Task brief -> Going down the data below, set down exactly the line with "fringe layered bob for fine hair over 50" and each line after it through the line with "Intermarché Moleson Tomme aanbieding"; no other lines.

Dataset extract ->
※ ※ ※
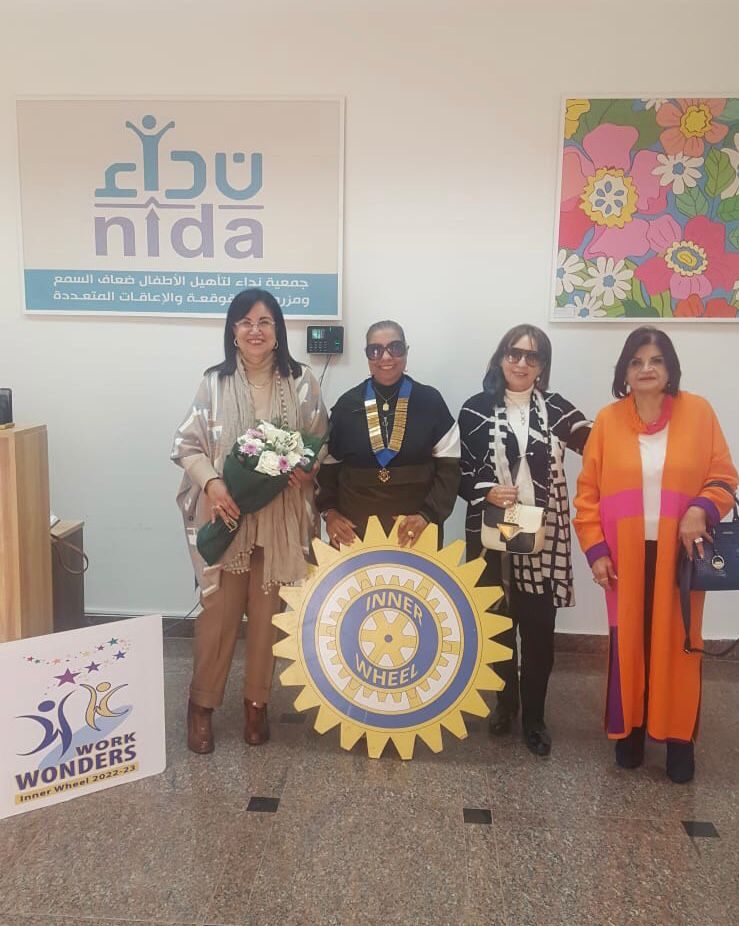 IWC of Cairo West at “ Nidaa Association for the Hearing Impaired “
※ ※ ※
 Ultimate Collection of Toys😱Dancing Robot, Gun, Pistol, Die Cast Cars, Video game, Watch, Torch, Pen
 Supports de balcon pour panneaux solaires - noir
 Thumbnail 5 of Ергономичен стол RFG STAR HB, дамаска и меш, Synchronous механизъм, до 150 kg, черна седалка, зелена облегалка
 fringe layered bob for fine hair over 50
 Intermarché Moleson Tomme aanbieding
※ ※ ※
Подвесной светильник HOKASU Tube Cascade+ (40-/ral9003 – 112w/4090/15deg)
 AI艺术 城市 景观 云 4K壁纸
※ ※ ※
Written reply ->
 fringe layered bob for fine hair over 50
 Intermarché Moleson Tomme aanbieding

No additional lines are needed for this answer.